Ralph Nordstrom is an award-winning fine art landscape photographer and educator. He lives in Southern California and leads photography workshops throughout the Western United States.

4 thoughts on “Ansel Adams – The Making of 40 Photographs: Lodgepole Pines”

  1. This picture was taken with soft focus lens and that is why it lacks the crispness of his most other works. Its not (or not only) because he was an amateur.

    1. Thanks for your comment, Andrzej. Many of the great early photographers adopted the Pictorialist method with the intent to make photographs that looked like paintings. That was their way of claiming photography was art which was hotly contested in those early days. Stieglitz did this, so did Steichen, Cunningham and others including Adams. It was in 1925 that Adams rejected pictorialism and its soft focus, and moved towards ‘straight’ photography which contended that if photography was to be accepted as art, it had to do so on its own strengths and weaknesses and not by imitating other art forms. Adam’s emphasis was on sharpness which later became one of the key parts of the manifesto of the Group f/64. This photograph is one of Adams’ pictorialist images. I wish there were more.

  2. Nice article, Ralph. It’s important to realize artists have a certain trajectory and go through various phases. Later on, after a substantial body of work has been created, you can start seeing clear themes in their work.

    1. Hey Robert, good to hear from you.

      Yes, I agree. It’s been over six years that I first started thinking about personal style and I’m just now getting a handle on what mine is. And that was what impressed me about “Lodgepole Pines,” that even the great Ansel Adams went through a period of exploration.
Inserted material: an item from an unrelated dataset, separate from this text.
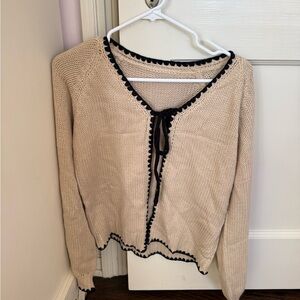 Women's Tan Sweater with Black Trim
I think that’s an exciting period where you’re free to try anything and do. Now my work is more focused or maybe I have a better idea of what I like and don’t like. We grow.

      The other aspect of this growth that I’m finding very interesting goes beyond personal style and identifying what you want to say through your art. Art is communication and more and more I’m starting to get a sense of what I want the finished photograph to say at the time I’m pressing the shutter.

      It’s all one marvelous journey of self-discovery.